Rynek łapie oddech po wczorajszych zwyżkach amerykańskiej waluty, na które wpłynęły przyzwoite dane ISM dla przemysłu (52,8 pkt.), które podbiły rentowności amerykańskich obligacji (10-letnie podeszły w okolice 3,30 proc.). Rynki widzą, że FED pozostanie na ścieżce agresywnych podwyżek stóp procentowych, a dzisiejsze dane z rynku pracy, jakie poznamy o godz. 14:30 być może wiele nie zmienią. Oczekiwania zakładają NFP na poziomie 300 tys. etatów, stopę bezrobocia 3,50 proc., oraz dynamikę wynagrodzeń na 5,3 proc. r/r. Szacunki nie są wygórowane, w efekcie tylko wyraźnie słabe dane mogłyby wpłynąć na pogorszenie się nastrojów wokół dolara.
Amerykańską walutę wspiera ostatnio też powracający tryb risk-off, co widać po spadkach na giełdach i rynkach surowców. Wprawdzie ceny gazu na rynku europejskim ostatnio mocno potaniały, to jednak zagrania Gazpromu na Nord Stream dalej budzą sporo emocji, a część ekonomistów wskazuje, że może być już za późno, aby strefa euro mogła uniknąć recesji. Dodatkowo wpływ na to mogą mieć też działania Europejskiego Banku Centralnego - coraz głośniejsze są plotki, że 8 września stopy procentowe mogłyby wzrosnąć o 75 punktów baz., a decydenci mieliby ogłosić plan redukcji bilansu (QT).

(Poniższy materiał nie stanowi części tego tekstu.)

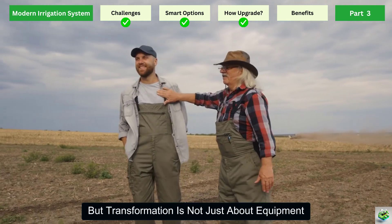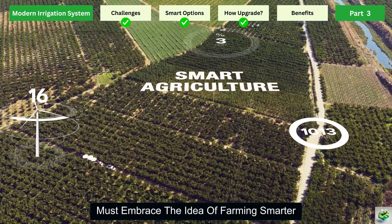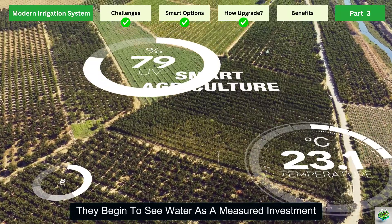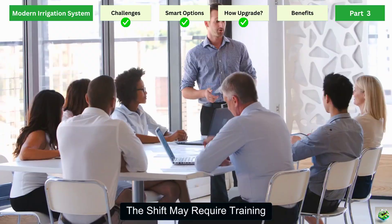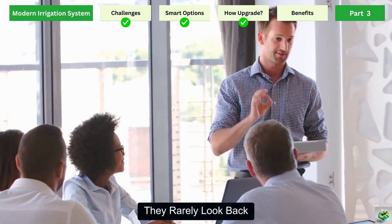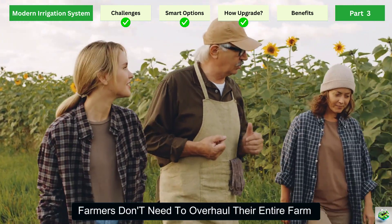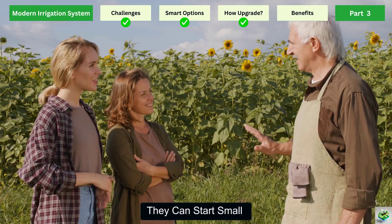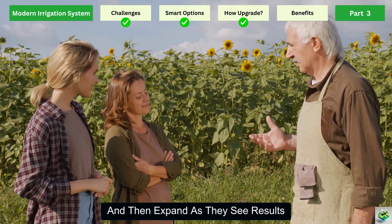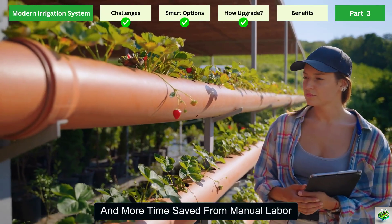But transformation is not just about equipment — it's also about mindset. Farmers who switch to modern irrigation must embrace the idea of farming smarter, not harder. Instead of pouring water across fields and hoping for the best, they begin to see water as a measured investment, applied with precision. The shift may require training, guidance, or even support from government programs. But once farmers experience the difference, they rarely look back. What makes this process exciting is how flexible it is. Farmers don't need to overhaul their entire farm in one go. They can start small — maybe testing drip irrigation on one plot or installing a solar pump — and then expand as they see results. Each step brings visible changes: greener crops, less water runoff, and more time saved from manual labor.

Teoretycznie powinno to mocniej wspierać euro, ale rynki są podzielone, co do tego jakie rzeczywiście działania podejmie EBC. Tym samym napięcia mamy w Europie, ale i też w Chinach. Pandemia COVID nie odpuszcza (21 milionowe miasto Chengdu ogłosiło kolejny lockdown), co ogranicza powrót na ścieżkę ożywienia w tamtejszej gospodarce.
Dzisiaj w zestawieniach G-10 najsilniejsze jest euro, a na szerokim rynku węgierski forint. Najsłabszy jest jen, którego nie wsparły nawet komentarze japońskich oficjeli po tym jak USDJPY wybił barierę 140,00.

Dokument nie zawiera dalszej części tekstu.